On another occasion, after insurgents attacked and killed nine fellow air advisors, Baker identified and implemented security measures that enabled An-32 operations to continue.
That poignant event came in April of last year when an Afghan colonel killed some nine American advisors including a long-time friend of Baker's. Fortunately, Baker was home on leave when the incident occurred.
"I had been there eight months by that time and although we lived on a NATO compound we worked at an Afghan base totally protected by Afghan security," he said.
The motive for the shooting was never proven, Baker indicated.
"The guy was a helicopter pilot and he walked into the command post and began shooting every American in there," he said.
The incident spurred additional security precautions.
"We went to work like we were hitting the beaches at Normandy," he recalled. "But we soon learned that we couldn't build friendships by holding a gun to someone's head. Plus there were far more of them than us. If they wanted to get you, you couldn't prevent it."
The Afghans he worked with were stunned by the incident.

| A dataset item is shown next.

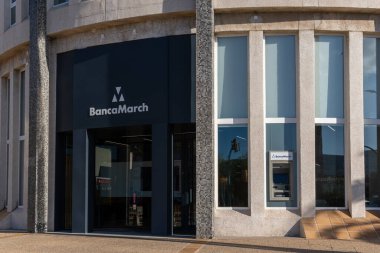 Palma de Mallorca, İspanya; 16 Aralık 2022: İspanya çok uluslu bankasının banka şubesi, Banca March, İspanya 'nın Palma de Mallorca kentindeki bir sanayi parkında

"They were very sorry," Baker said. "We talked through it and moved on."
That level of trust was typical of Baker's impact on the Afghans. He developed numerous outside-the-wire relationships with Afghan officials that resulted in the flow of critical information, avoided potentially deadly altercations and exposed major corruption.
He told an Air Force writer that he was honored and humbled by the recognitions.
“It’s all the more special to be nominated based on events which happened under AETC, which were by far the furthest forward and potentially most hazardous assignment I’ve ever had,” he is quoted in the Air Force article. “I genuinely hope that this helps bring some much-needed attention to the incredible work AETC folks are doing every day supporting combat operations around the world.”
Baker has resumed his instructor duties with the 550th Special Operations Squadron at Kirtland. And he is enjoying life with his wife, Ginger, and the couple's two daughters: Emmalee, 13, and Madelyn, 8.
But he misses Afghanistan. "I was embedded with the Afghans for 12 months and I developed a heart for the Afghan people," he said. "They were very endearing, very engaging. They became like a second family. I learned to appreciate them as much as they drove me crazy."
He said his experiences were very special.
"Just the sheer 'surrealness' of flying a Russian airplane in Afghanistan like a bush pilot," he said. "I also miss the Afghan people."
The elder Baker, smiling frequently, said those three qualities continue to pay dividends for his son.
“His life is based around being a good person,” he said. “He’s a good Christian man and I guess God has been on his side. Dad’s very proud of him.”